TASK STATEMENT: An exact copy is all that is wanted: the lines from the one with "Wstapartments Mlynarska 13" through the end of the listing below, both included, minus any pictures.

STORED DATA:
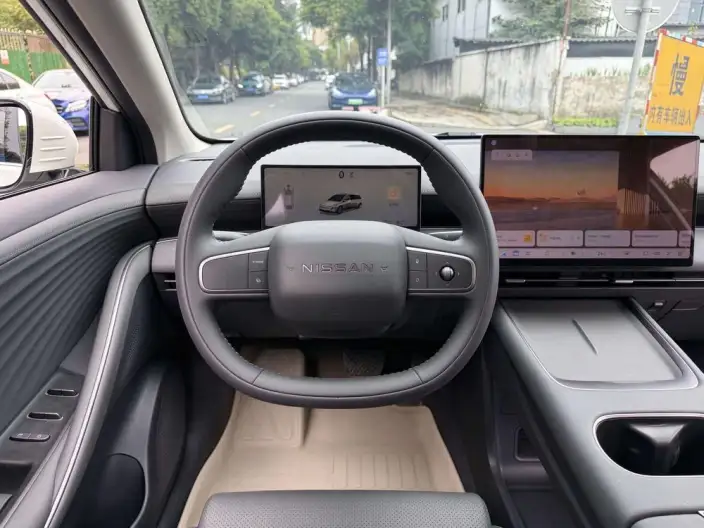 Nissan N6 2026 Model 180 Pro – фото 8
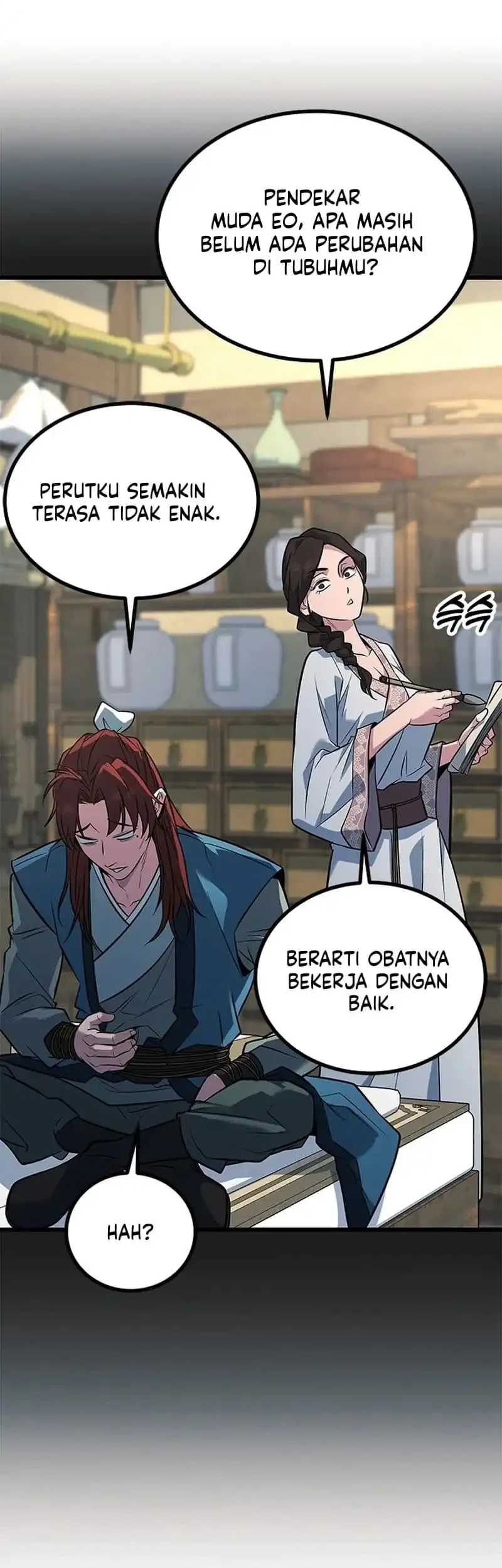 Legend of the Low-Level Martial Artist Chapter 19 halaman 29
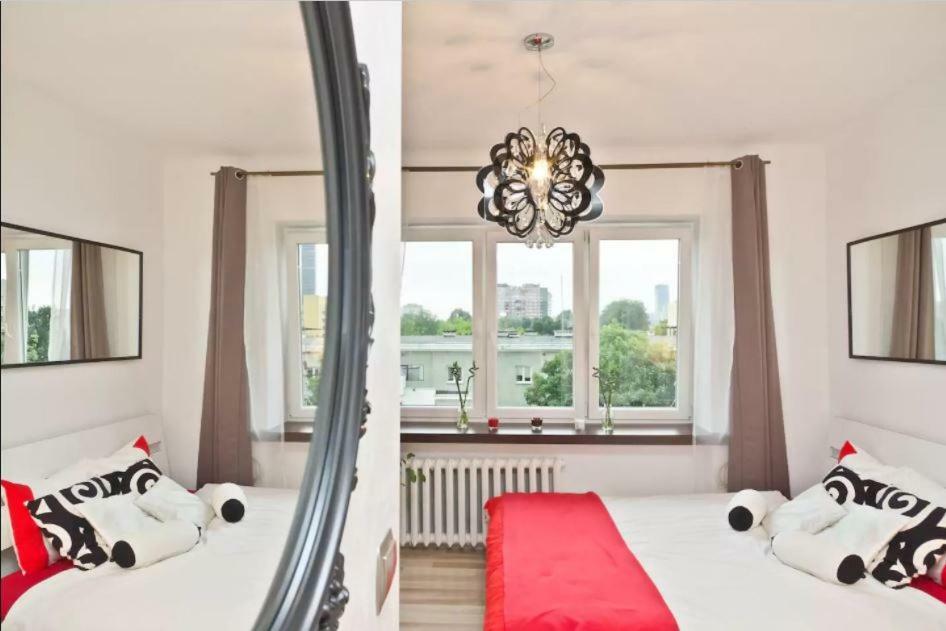 Wstapartments Mlynarska 13 Warsaw Exterior photo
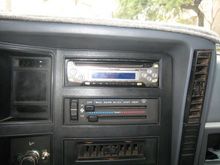 pioneer deck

TASK RESULT:
 Wstapartments Mlynarska 13 Warsaw Exterior photo
 pioneer deck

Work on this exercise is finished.